What should the data analyst do to achieve this?
- A . Configure Athena to invoke an AWS Lambda function that terminates queries when the prescribed threshold is crossed.
- B . For each workgroup, set the control limit for each query to the prescribed threshold.
- C . Enforce the prescribed threshold on all Amazon S3 bucket policies
- D . For each workgroup, set the workgroup-wide data usage control limit to the prescribed threshold.
A company wants to collect and process events data from different departments in near-real time. Before storing the data in Amazon S3, the company needs to clean the data by standardizing the format of the address and timestamp columns. The data varies in size based on the overall load at each particular point in time. A single data record can be 100 KB-10 MB.

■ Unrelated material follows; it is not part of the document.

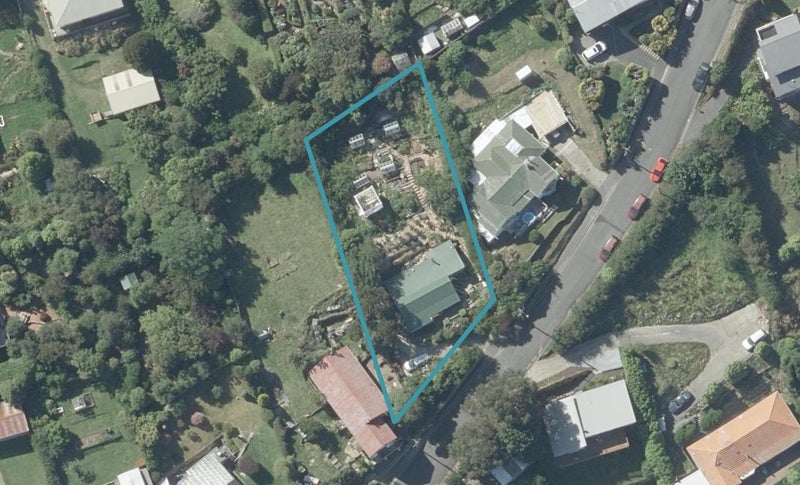 11 Junction Road, Ravensbourne, Dunedin - Carousel 1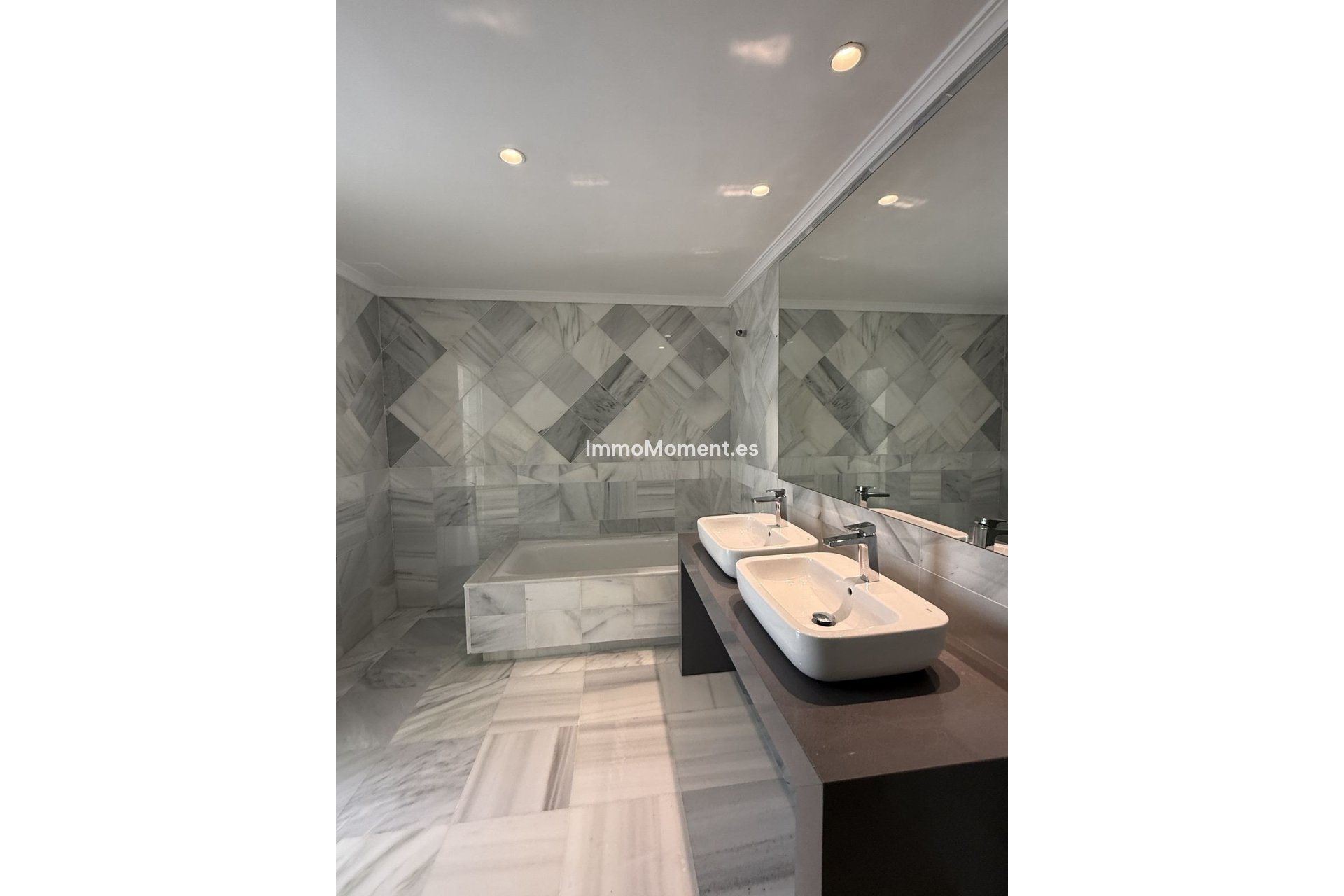 Resale - Apartment - Benahavís - Benahavís Centro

How should a data analytics specialist design the solution for data ingestion?
- A . Use Amazon Kinesis Data Streams. Configure a stream for the raw data. Use a Kinesis Agent to write data to the stream. Create an Amazon Kinesis Data Analytics application that reads data from the raw stream, cleanses it, and stores the output to Amazon S3.
- B . Use Amazon Kinesis Data Firehose. Configure a Firehose delivery stream with a preprocessing AWS Lambda function for data cleansing. Use a Kinesis Agent to write data to the delivery stream. Configure Kinesis Data Firehose to deliver the data to Amazon S3.
- C . Use Amazon Managed Streaming for Apache Kafka. Configure a topic for the raw data. Use a Kafka producer to write data to the topic. Create an application on Amazon EC2 that reads data from the topic by using the Apache Kafka consumer API, cleanses the data, and writes to Amazon S3.
- D . Use Amazon Simple Queue Service (Amazon SQS). Configure an AWS Lambda function to read events from the SQS queue and upload the events to Amazon S3.